Snap off a reference image and shoot in RAW sunlight mode all day. Then batch correct with about 5 mouse clicks in Adobe Raw converter (or lightroom) in post... simple. easy. and sometimes fun if you use a different colour cast later on ! 
This helps too.. perfect example of not having to do a custom white balance...
You are in church, different lighting (stainglass colour casts, fluro and incandesent bulbs all burning with sunlight streaming through skylights..), and you snap a flowergirl being really cute in awkward lighting...
My way... shoot the girl when she is cute... go over and snap off the (in my case WHIBAL) grey card or reference thingy you have... done.
Setting a custom white balance to shoot the girl in that light.. fiddly.. messy... fraught with dial fiddling delays... which you can't afford, so you don't miss the next moment..


----------



## onedayillknowbetter (Dec 30, 2010)

White Balance is one of the touchiest things when editing photos, I've found.  It really sets the professionals apart from the amateurs, in my opinion.  I have gone back and forth between manual white balance and auto a few times, and right now I'm shooting RAW auto WB.  I edit in Lightroom, and usually just select all the photos taken in the same settting/with the same light, and sync the WB settings to those.  When I get to a new setting while editing, I do the same, and so on.  I've found that it works pretty well.  Each individual image might need one or two degrees adjustment, but all in all, it saves time for me in the end.

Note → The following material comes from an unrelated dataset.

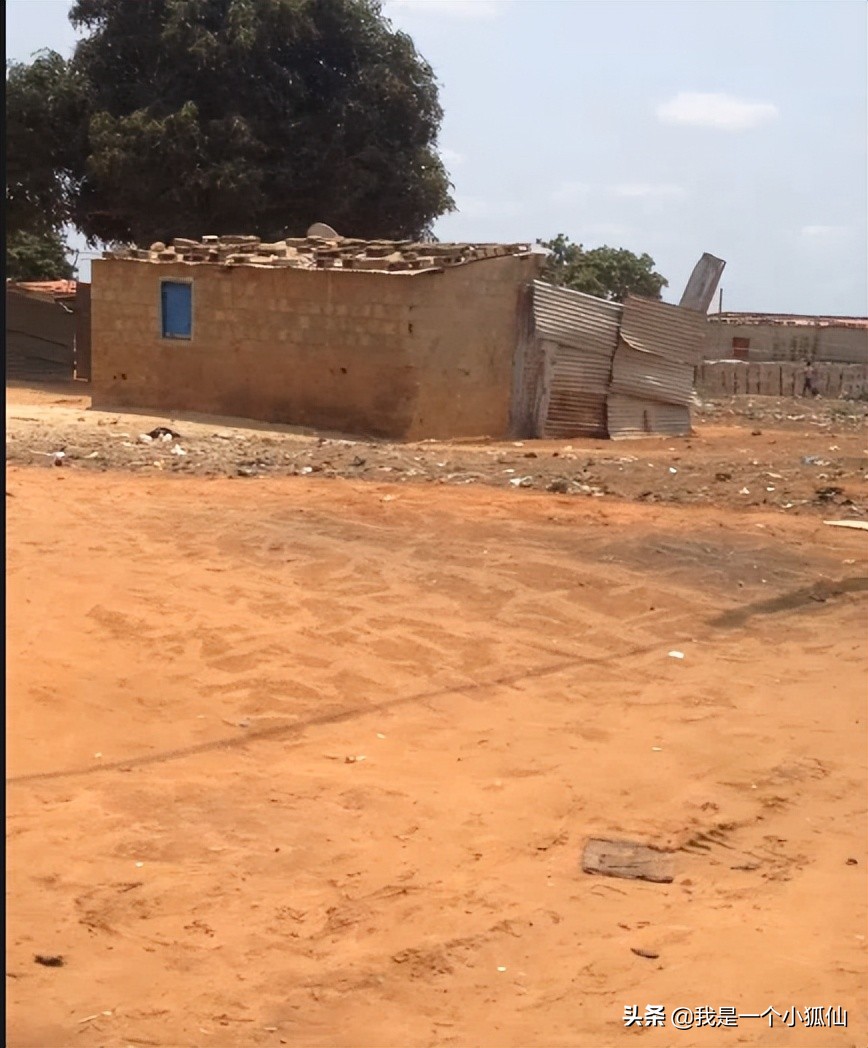 在非洲安哥拉，我开车从黑人村子里穿过（我在安哥拉的日子320）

I'm not sure your experience level, but if you have the opportunity to work in a color darkroom [again], I definitely recommend taking it.  It might be a little costly, but consider it an investment for the long term!  Seriously, holding the gels in front of prints to see what needs to be corrected totally makes it easier to recognize the issue on a computer screen.  Again, just my opinion, but something I have found extremely valuable.


----------